Research-framed dosing — practical translation
- First cycle: 300–500 mg/week × 12 weeks. Below 300 mg the response is modest; above 500 mg on a first cycle the side-effect risk is unjustified for the marginal gain.
- Subsequent cycles: 400–600 mg/week × 12–16 weeks. The upper end approaches the supraphysiological response curve’s plateau.
- Cruise / TRT-range research: 150–200 mg/week indefinite. Maintains serum testosterone in optimal range with minimal side-effect drift.
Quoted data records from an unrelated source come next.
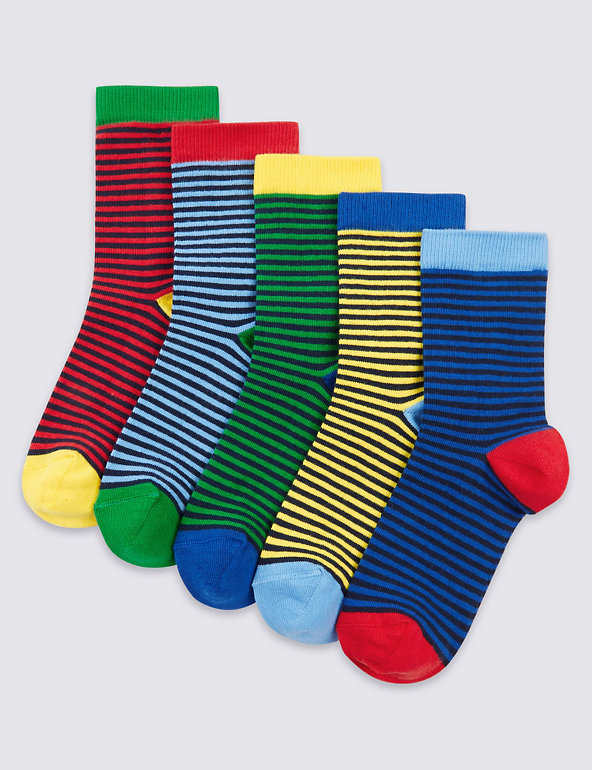 5 Pairs of Freshfeet™ Striped Socks (1-14 Years) Image 1 of 1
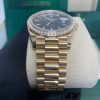 Rolex Day-Date 228348RBR Black Diamond Dial Diamond Bezel 40mm Mens Replica Watch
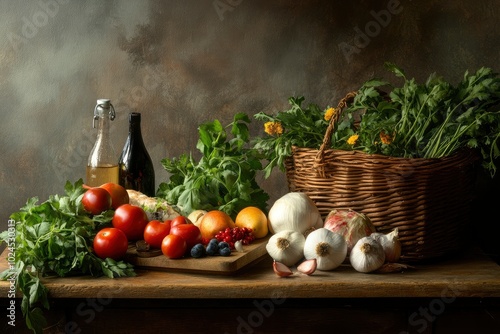 Fresh food ingredients still life wit generative ai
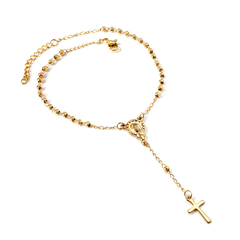 Tresoli Stainless Steel Gold Color PVD 1 Oval With Portrait And 31 Balls And Cross Pendant Bracelet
- Recomposition (cutting + lean-mass preservation): 200–300 mg/week paired with caloric deficit and adequate protein. Sufficient anabolic signal to preserve lean mass during deficit; not so high that water retention masks composition change.
Frequency — pharmacokinetic justification for twice-weekly
Testosterone enanthate has a serum elimination half-life of 4.5–5 days. Once-weekly administration produces a peak-to-trough swing of approximately 2× — peak at 36–72 hours post-injection, trough at 7 days. Twice-weekly (Monday/Thursday at half the weekly dose each) cuts the swing roughly in half, producing a flatter serum curve.
Practical effects of twice-weekly dosing:
- Estradiol management is easier — aromatisation rate tracks substrate concentration, so a flatter testosterone curve produces a flatter E2 curve.
- Mood lability around the trough day disappears.
- HCT drift is marginally slower (mechanism unclear; consistent observation in the TRT clinical literature).
- SHBG response stabilises slightly faster.
The trade-off is logistical: twice the injection events per week. For users tolerating once-weekly without symptoms, twice-weekly is optional rather than required. For users with E2 management difficulties or pronounced peak-trough symptoms, twice-weekly resolves most of the variance.
The drift in “standard” community dosing
What forums describe as “standard” first-cycle dose drifted upward across decades — from the 1990s 250 mg/week baseline to the 2010s 500 mg/week assumption. The pharmacological case for the higher dose is weak: 250 mg/week already exceeds physiological replacement by 2.5×, produces measurable lean-mass gain, and carries lower side-effect cost than 500 mg/week. The 500 mg dose is not inherently incorrect — it sits within the published response curve — but the assumption that more is necessarily better at the first-cycle stage does not survive the dose-response data.
For a first cycle, the defensible range is 250–500 mg/week. Lower end produces less but cleaner; upper end produces more but at higher physiological cost. Both are within the research framework.